Aim of the exercise: Transcribe the lines below exactly, beginning with the line that holds "NWT boutique pink dress Size M thumbnail 3" and ending with the final line, both included. Pictures are to be left out.

[Data supplied — start]

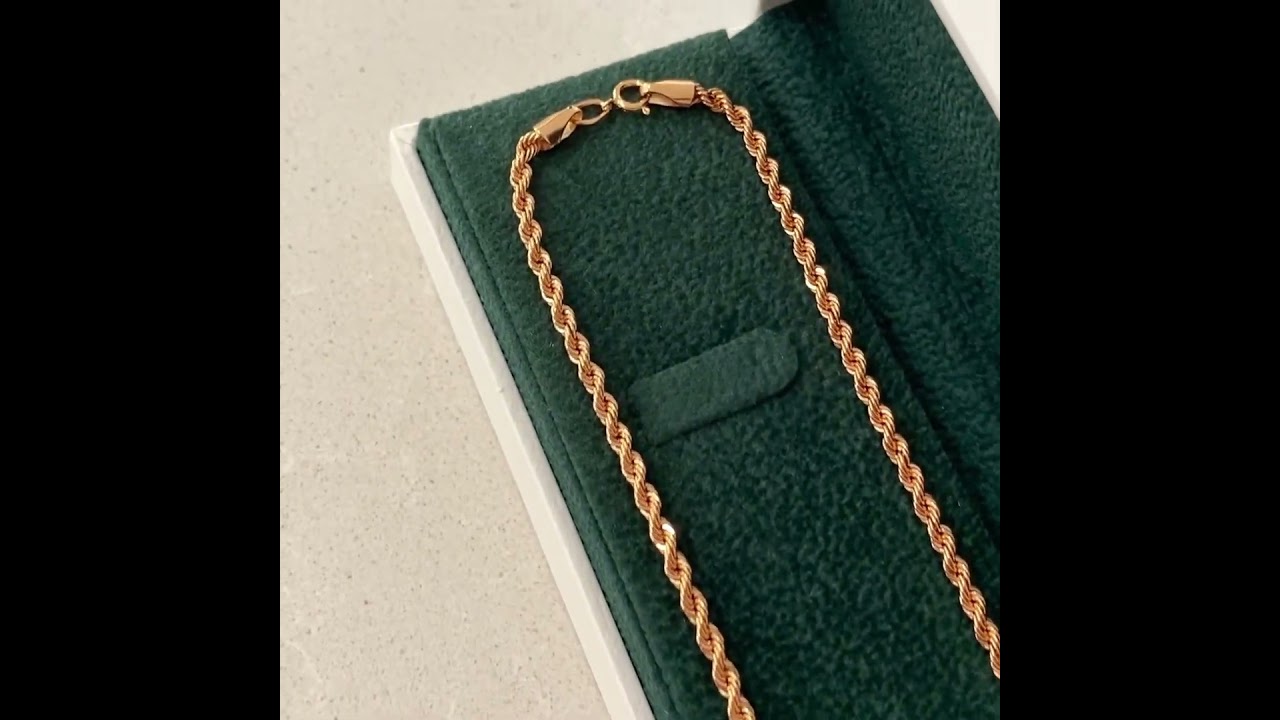 Auksinė grandinėlė virvutė | Rose gold chain Rope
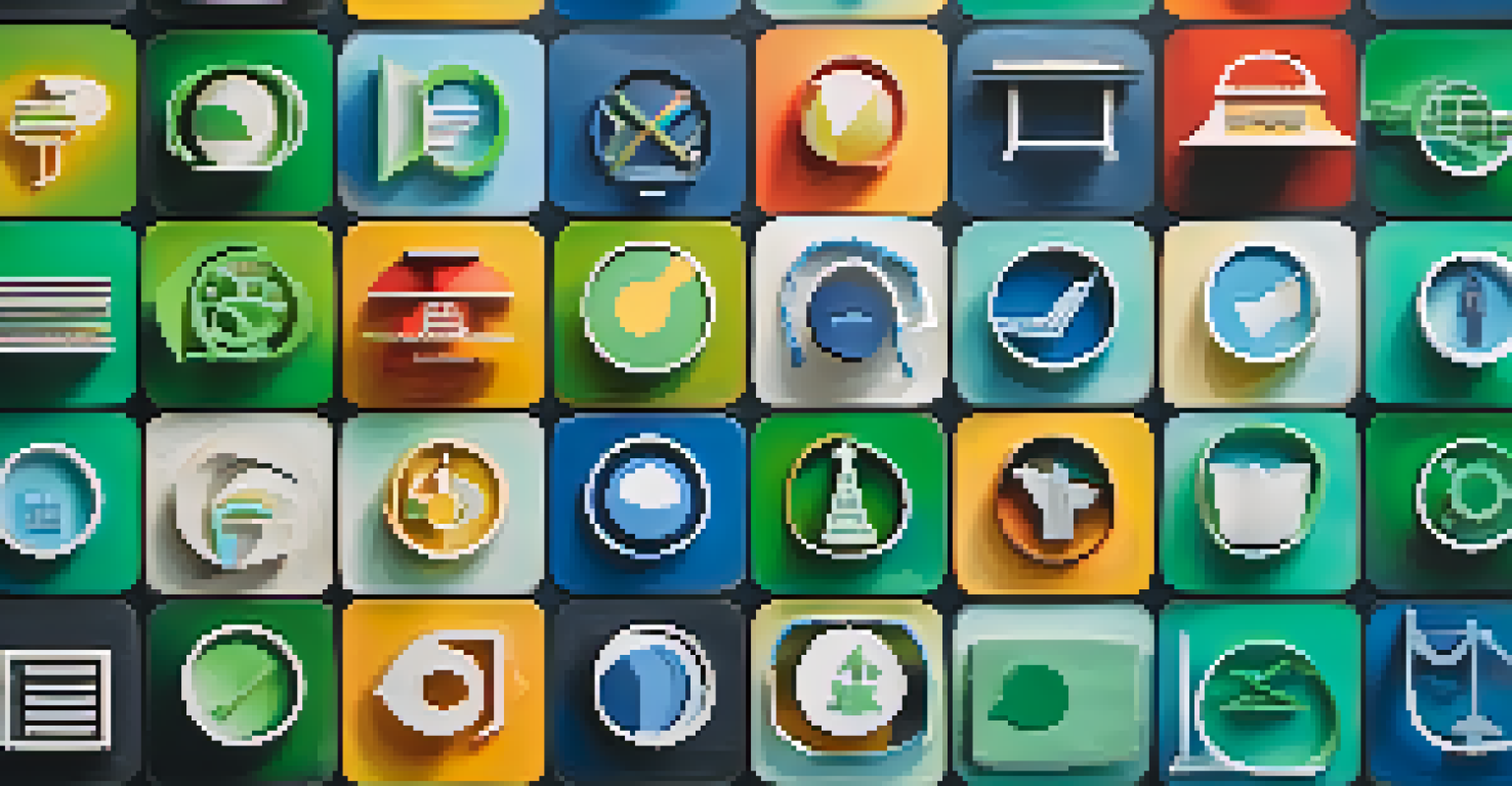 Colorful icons representing different types of intellectual property rights on a textured gradient background.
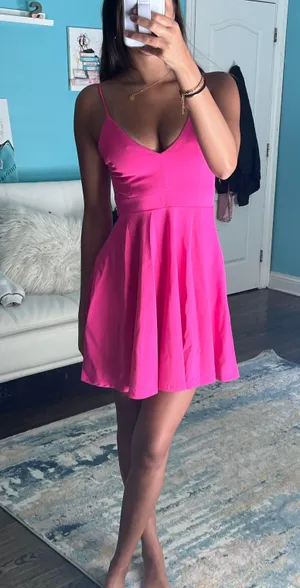 NWT boutique pink dress Size M thumbnail 3
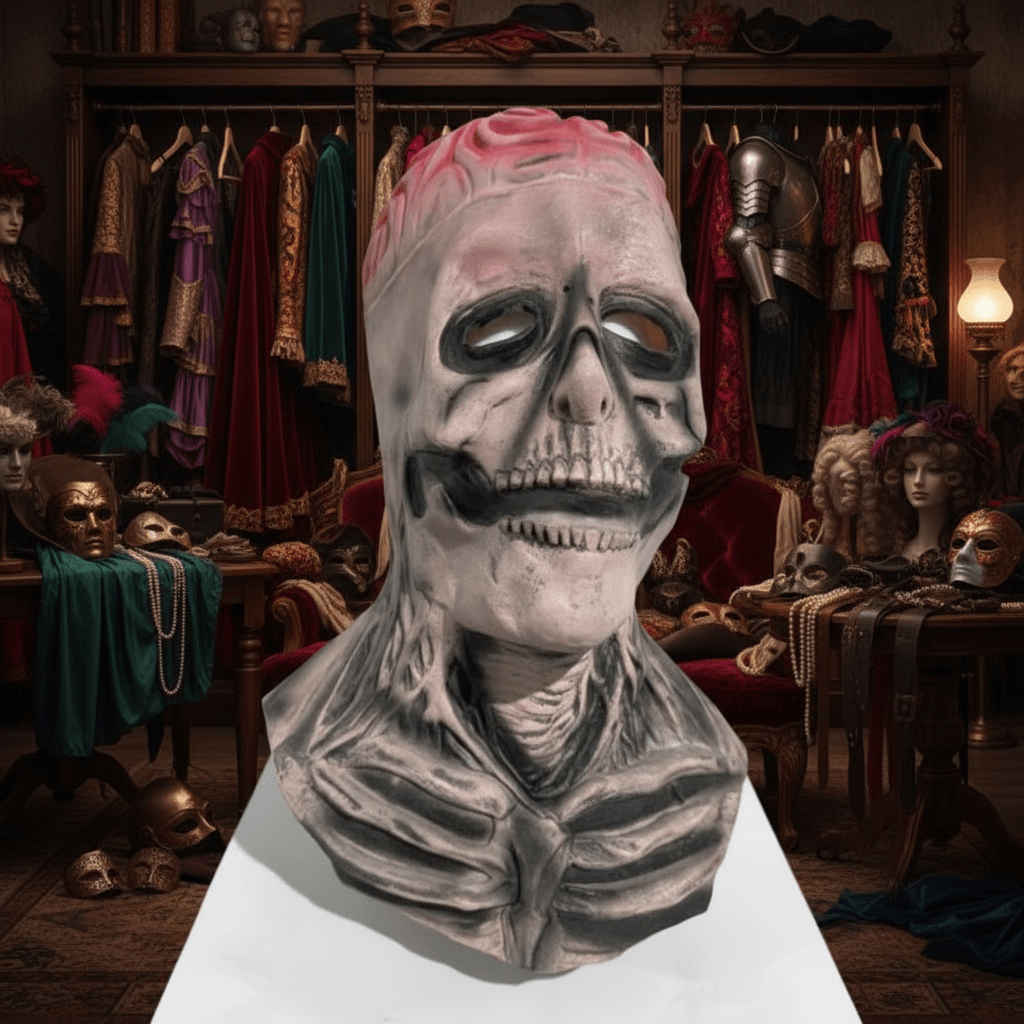 Chillingly Authentic Skull Mask with Hat for Thrilling Occasions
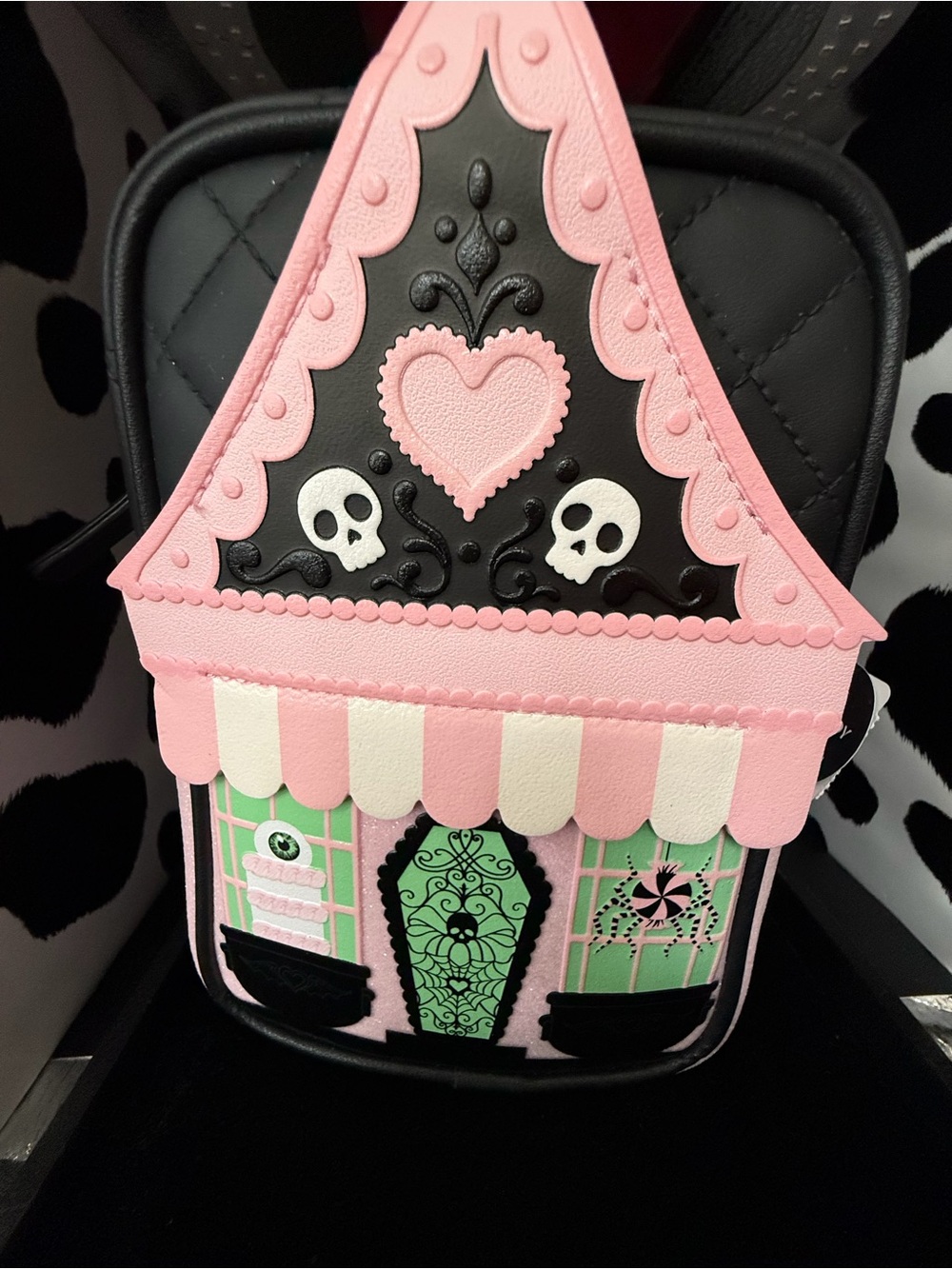 Bath & Body Works Pink & Mint Haunted House Crossbody Bag with Skull Accents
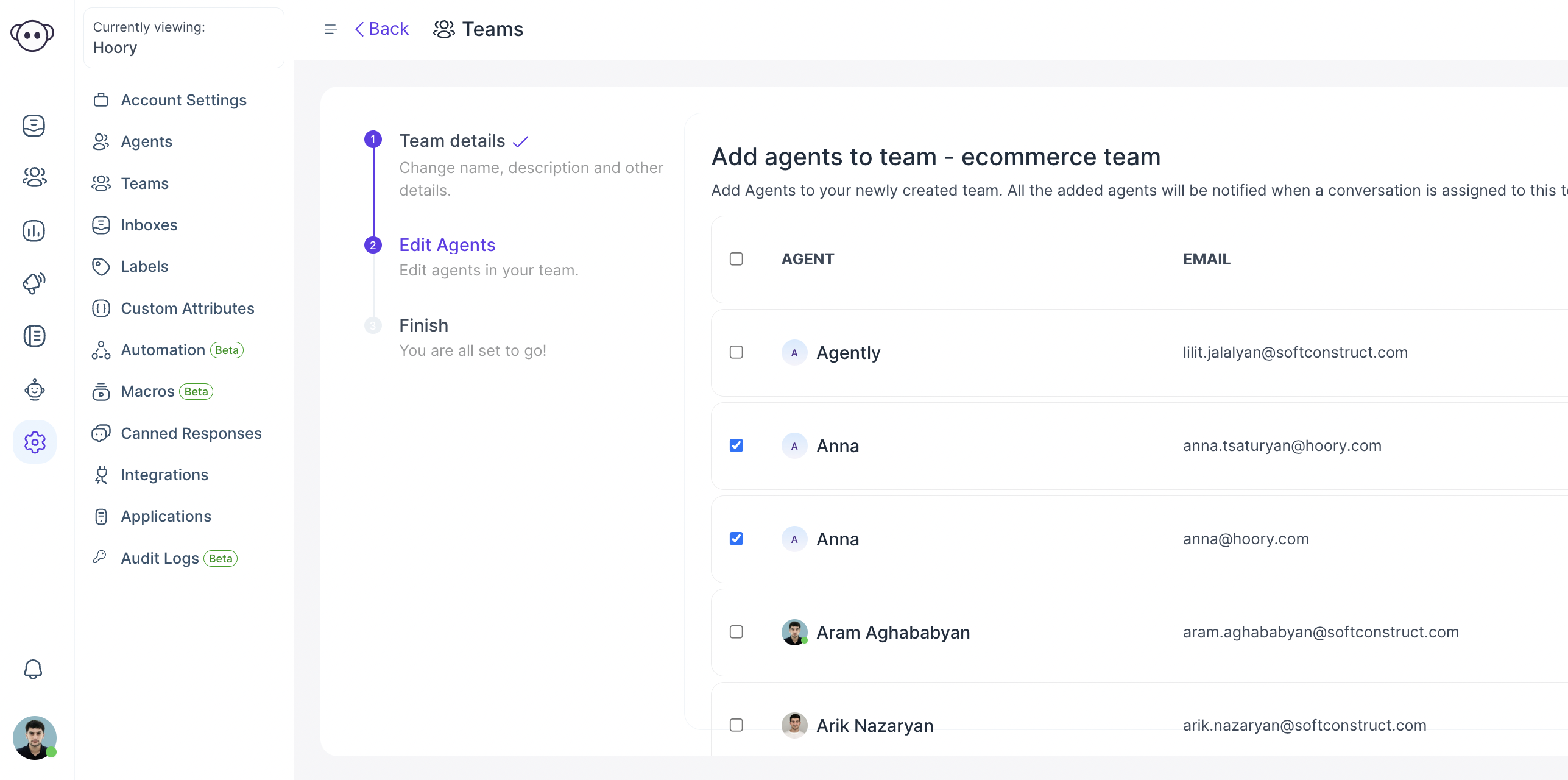 Add Agents to Teams Screen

[Data supplied — finish]

Response to this task:
 NWT boutique pink dress Size M thumbnail 3
 Chillingly Authentic Skull Mask with Hat for Thrilling Occasions
 Bath & Body Works Pink & Mint Haunted House Crossbody Bag with Skull Accents
 Add Agents to Teams Screen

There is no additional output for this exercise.